Confused Japanese tourists led to a Utah Highway Patrol chase, trooper says
This story should in the "You've got to be kidding me, right?" file. Story thanks to and Natalie Crofts. Links provided:

ST. GEORGE — A Japanese tourist confused about what to do when police lights came on behind her prompted a chase by the Utah Highway Patrol Sunday.
The car had just crossed the border into Utah going only 37 miles per hour on I-15 when Lt. Brad Horne, commander of Utah's DUI squad, noticed it was wandering out of its lane. He suspected the driver was intoxicated and attempted to pull the car over, but the car sped up instead of stopping.
"They did not have a clue what they were supposed to do when there were red and blue lights behind them," he said.
The driver would alternately slow down and speed up while the patrol car followed, with speeds ranging between 40 and 75 miles per hour. The chase lasted about seven miles, according to Horne.
“The vehicle was all over the road — on the shoulder, in between the two lanes — and the vehicle didn’t stop,” he said.
Horne had his DUI squad with him in the area for the weekend, so troopers shut down both lanes of I-15 for a few minutes to conduct a felony stop and take the people out of the vehicle.
“The vehicle didn’t respond to lights or sirens and at that point since there were so many of our extra officers in that area, they were able to put the spikes out and we spiked three of the vehicle's tires,” he said.
After the car was stopped, a Japanese couple and their 7-year-old son were brought out of the car at gunpoint.
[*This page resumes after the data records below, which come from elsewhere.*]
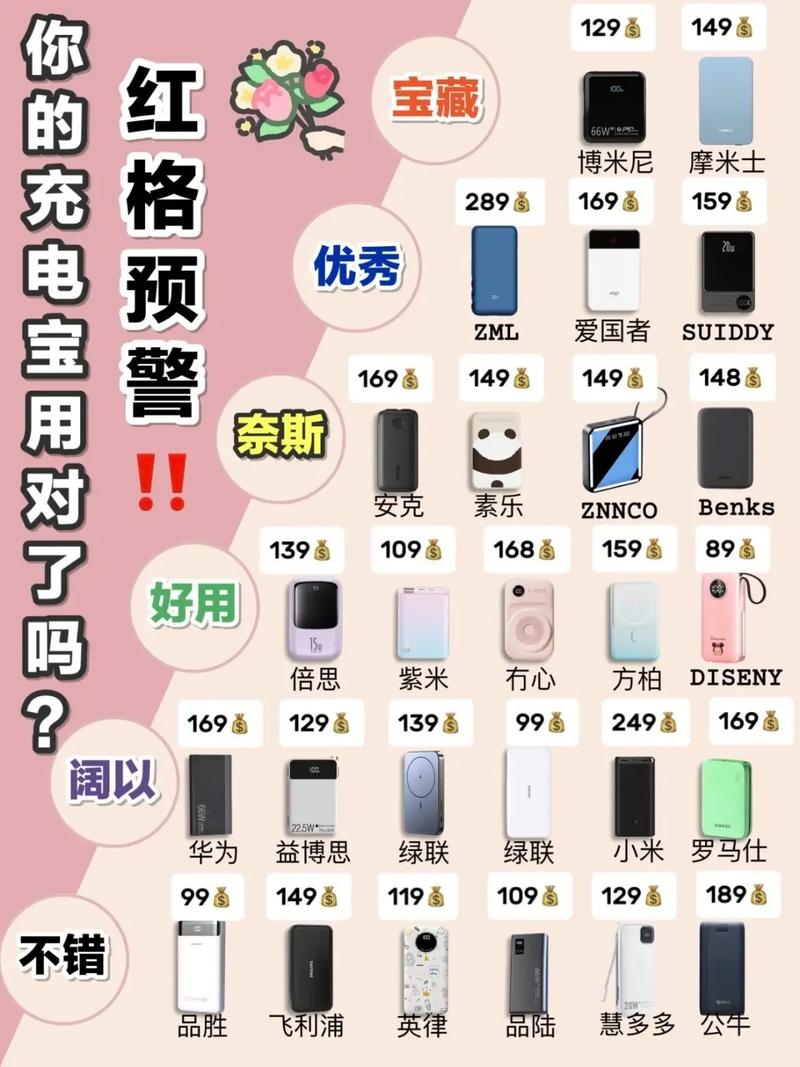 紫米和羽博移动电源哪个好，紫米移动电源和小米移动电源？-第4张图片-优品飞百科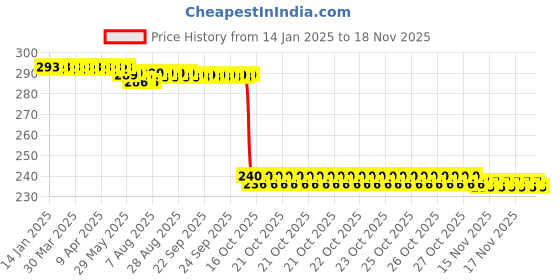 moglix.com Auto Pearl PVC &a; Plastic Black Combination Cable Lock for Rodeo RZ auto pearl Price History Graph from 14 Jan 2025 to 17 Nov 2025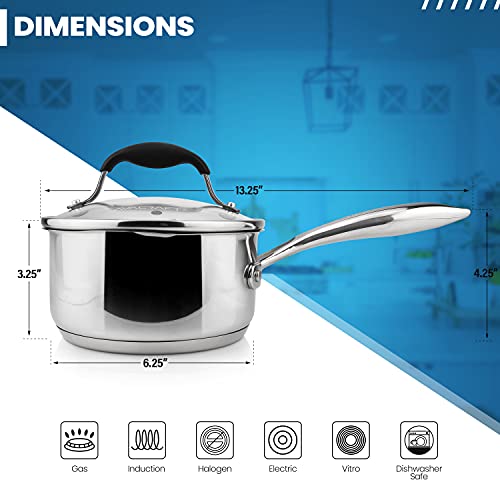 AVACRAFT 1.5 Quart Tri-Ply Stainless Steel Saucepan with Glass Lid - Capsule Bottom, Medium-Heat Cooking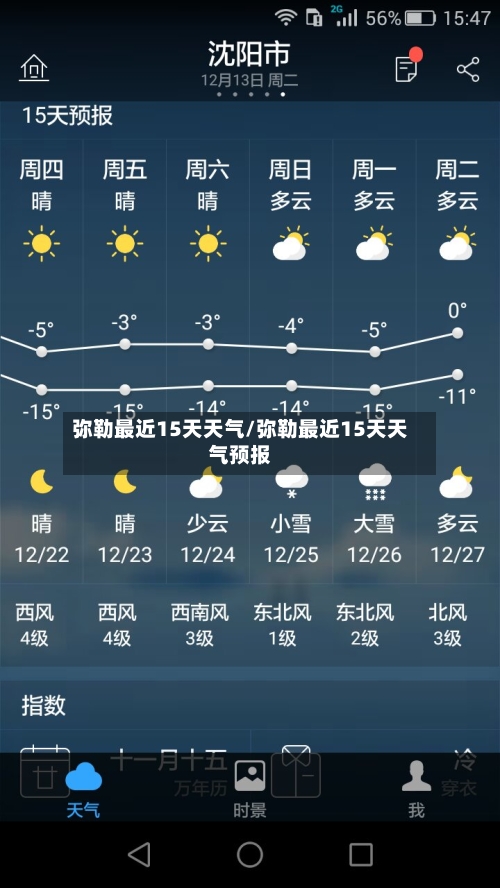 弥勒最近15天天气/弥勒最近15天天气预报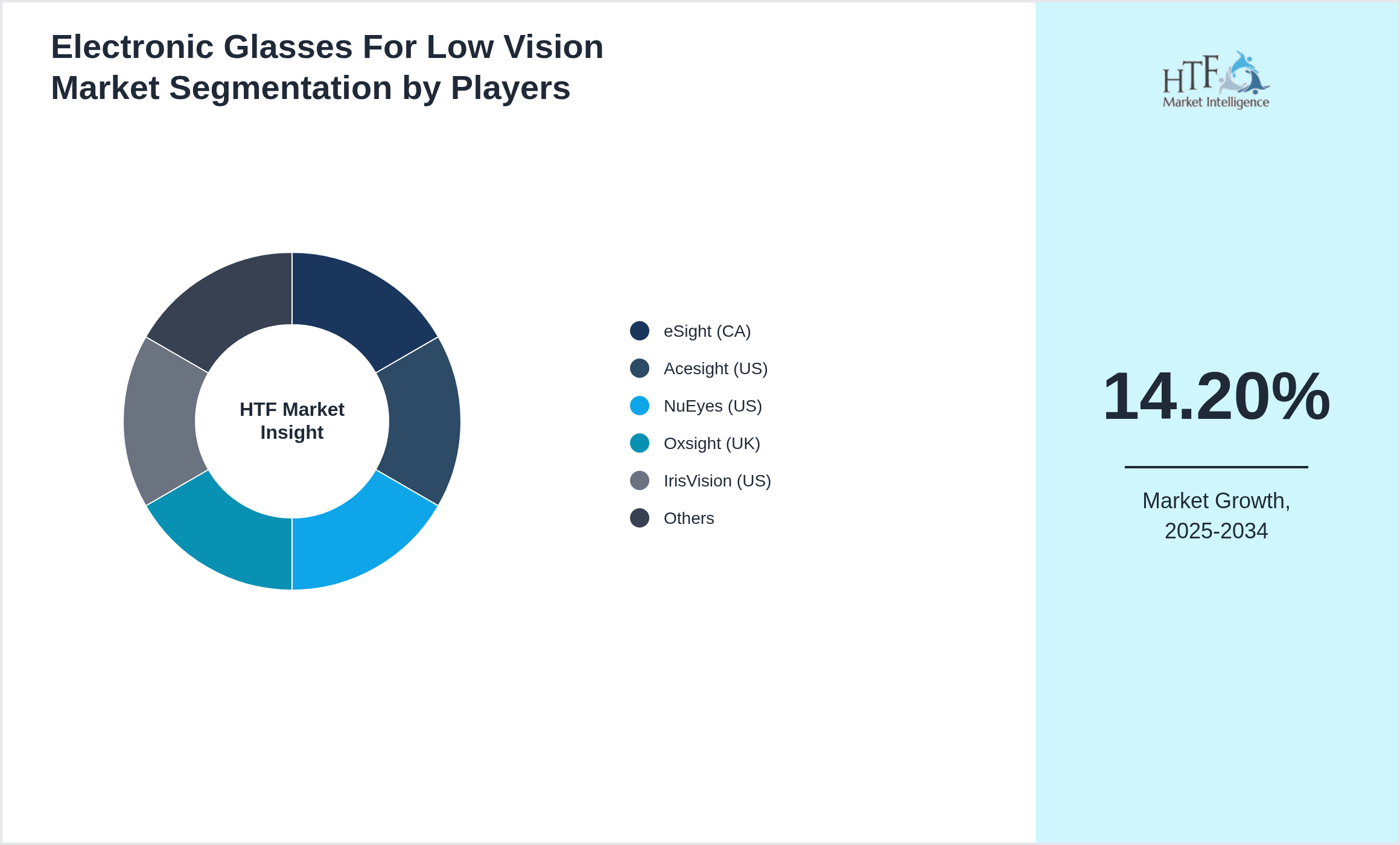 Electronic Glasses For Low Vision Market Company analysis and in-depth profiling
“That’s when we realized there was probably something wrong, because they could not follow any simple instructions or directions in that process,” Horne said.
He said it became apparent very quickly that it was a situation where there was a language and cultural barrier. The occupants of the car could not speak any English, so UHP contacted an officer in another area who could speak Japanese and act as an interpreter.
The couple and their son had arrived in California that morning from Japan and rented a car to drive to Bryce Canyon.
Horne said there didn't seem to be any intent to evade officers — the driver simply didn't know what to do in that type of situation. UHP could have charged them with felony evading, but based on the circumstances does not intend to do so.
Troopers helped the family get their car to a safe place and find a motel room where they could stay for the night.
Horne said it was an unusual case and that he wasn't sure if the driver was tired, or if any other factor played a role in the woman's erratic driving. The occupants weren't able to provide a driver's license to show officers, but Hertz requires a license to rent a car.
“It was a difficult situation, one that was unfortunate, but no one was hurt or injured," he said. "Obviously, if you’re going to drive here in America and Utah you probably ought to know something about our laws.”
Horne said local troopers told him they sometimes stop tourists, but that they have never encountered any problems on this level because usually the red and blue lights are universally understood.